Currently I am working with three different cohorts of salmon; wild, farmed and hybrid. My research aims to disentangle the genetic and environmental effects on host microbiomes and also to monitor bacterial impacts on phenotypic traits (e.g. metabolism, immune response).
Colin will be working on a PhD under the supervision of Dr Heather Lally and Dr Conor Graham (MFRC GMIT), and Dr Elvira de Eyto (Marine Institute). The work is funded by the Marine Institute as part of their Cullen Scholarship Program. Wild Nephin National Park (WN-NP https://www.wildnephinnationalpark.ie/ ) is a large open expanse of active Atlantic blanket bog and mountainous terrain located along the Wild Atlantic Way in Co. Mayo, Ireland. The area is at the start of a multi-decadal conversion plan, with the long-term goal of creating one of the largest wilderness areas in Europe. Colin’s work will focus on the assessment of baseline terrestrial and aquatic biota, evaluating important interactions between aquatic and terrestrial habitats in the NP, and providing a strong scientific bases for nature conservation and biodiversity enhancement activities within WN-NP. The project will run from September 2021- August 2025.

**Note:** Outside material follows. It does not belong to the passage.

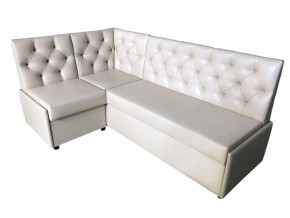 Угловой диван Призма каретная стяжка белый с коробами в Миассе - miass.mebel74.com | фото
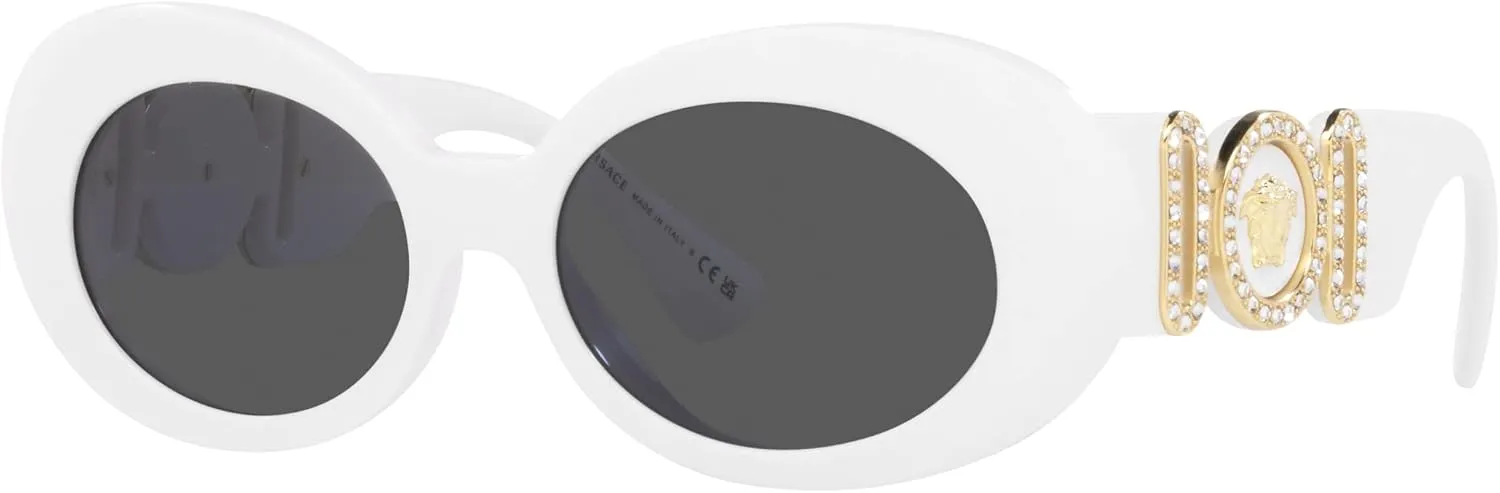 Versace Woman Sunglasses Black Frame, Dark Grey Lenses, 54MM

I’ve just graduated from The University of Edinburgh, where I finished BSc Hons Cell Biology. I am interested in bioengineering and molecular biology. Currently my PhD focuses on creating an in vitro system replicating the Atlantic Salmon gut, which can be later used as a test-bed to analyse salmon microbial fermentation of novel feeds as well as the effectiveness of pro, pre and symbiotic.
Dr Louise Claire Archer (completed)
Brown trout show dramatic differences in life history tactics, in particular, the phenomenon of partial migration. Populations can be comprised of solely anadromous individuals (that move to sea and grow to a large size, returning to spawn in freshwater), purely freshwater residents or a mixture of the two ecotypes. If a physiological condition cue exceeds an inherited threshold, a resident life history is triggered, alternatively, anadromy occurs.
I aim to analyse how genes and environment interactively determine anadromous life histories. Experimental families created from one anadromous and one freshwater resident population have been reared in a controlled laboratory setting, where environmental conditions are manipulated: food and temperature. Smolting rates will be measured within each treatment. If energy requirements exceed energy acquisition (through increased temperatures or reduced food), higher rates of anadromy are expected as individuals are energy constrained and move to more productive feeding areas at sea. Life history will be related back to metabolism to determine if differences in energy usage underpin life history decisions. This “common-garden” experiment will help establish whether differences in energy usage (and resulting life history tactics) have a genetic basis, and whether genes and environment interactively determine life history.
PhD Completed 2019
Dr Eleanor Lindsay (completed)
My PhD focused on the gut microbiota of Atlantic salmon and its link with host metabolism, physiology and behaviour via microbiological methods. By amplifying bacterial 16S rRNA, I aim to explore the Atlantic salmon gut microbiota in the hope of improving aquaculture sustainability. I am interested in links between the gut microbiota and host behaviour and the mechanisms behind this and is therefore hoping to explore this further.